#### TASK ITEM
Leave every picture out, then reproduce the rest of the listing exactly.

#### DATA EXTRACT
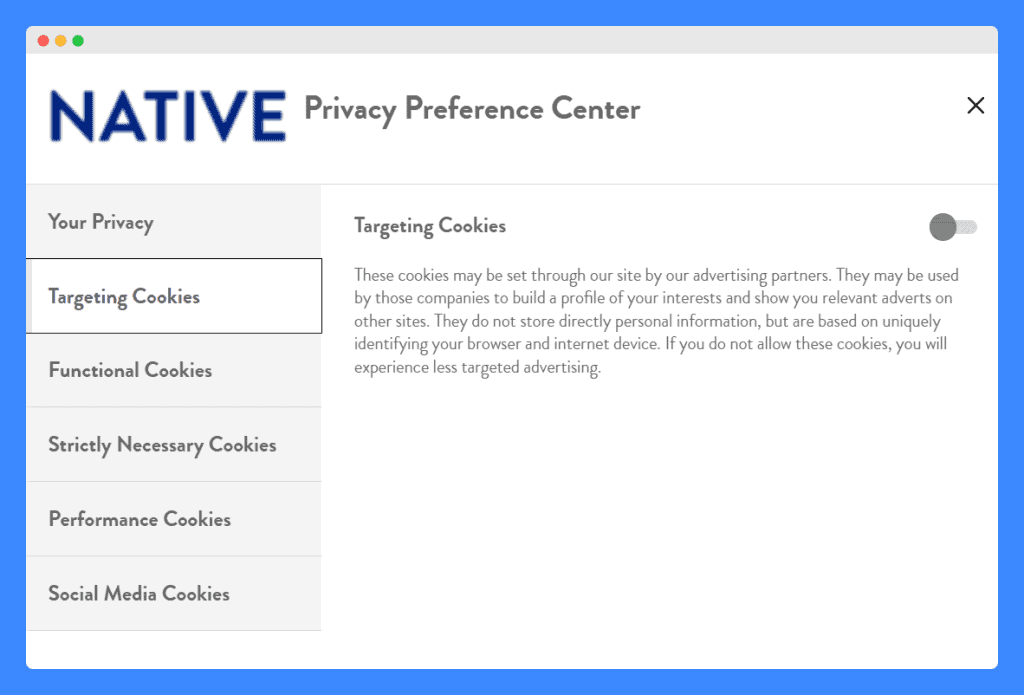 Native's privacy preference center on a white background.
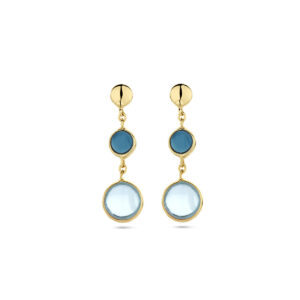 oorhangers blauw topaas en london blue topaas 14K geelgoud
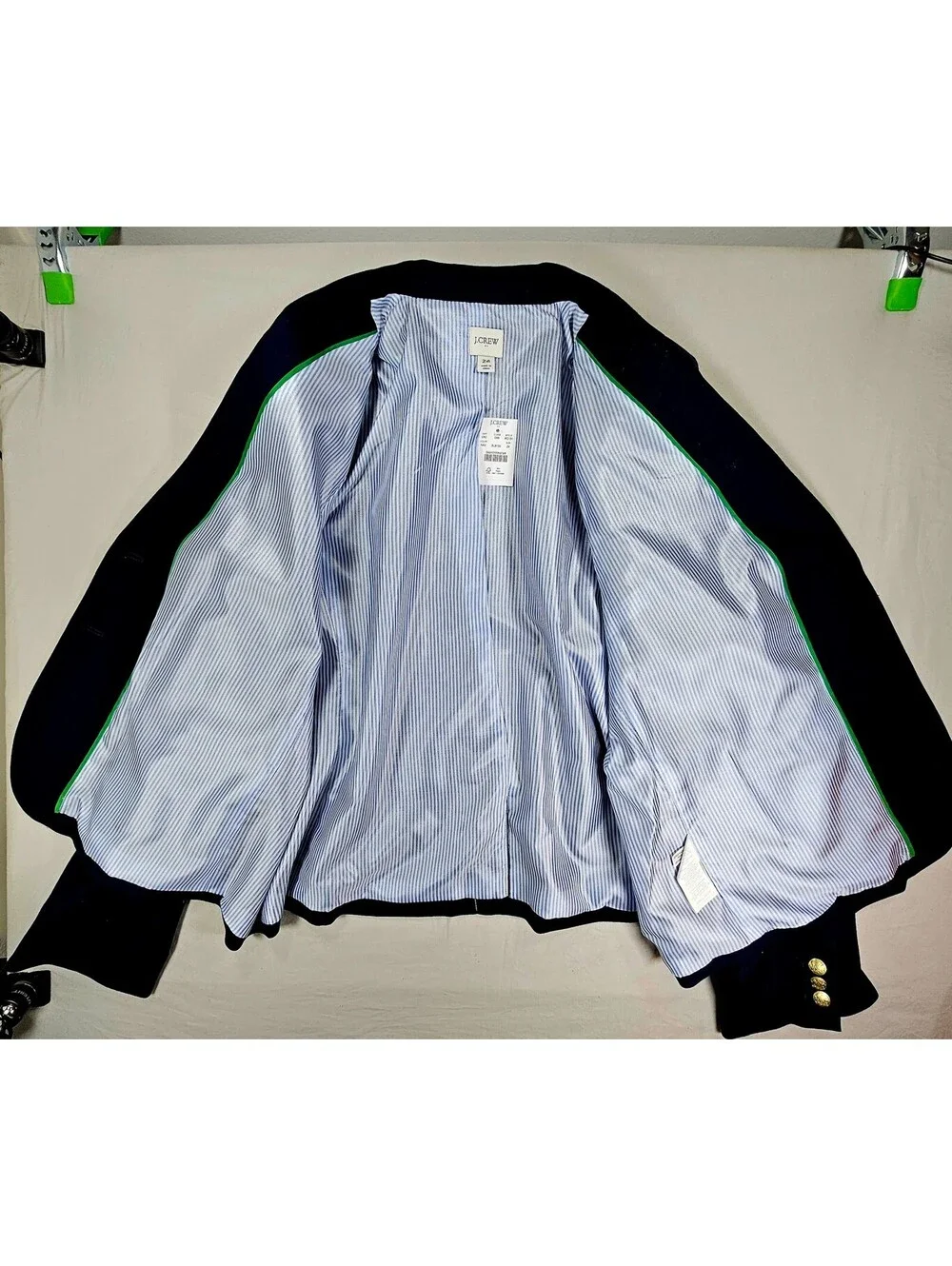 J.Crew Women's Classic Schoolboy Navy Blazer with Gold Buttons. Size 24(3X) NWT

#### COMPLETED EXERCISE
 Native's privacy preference center on a white background.
 oorhangers blauw topaas en london blue topaas 14K geelgoud
 J.Crew Women's Classic Schoolboy Navy Blazer with Gold Buttons. Size 24(3X) NWT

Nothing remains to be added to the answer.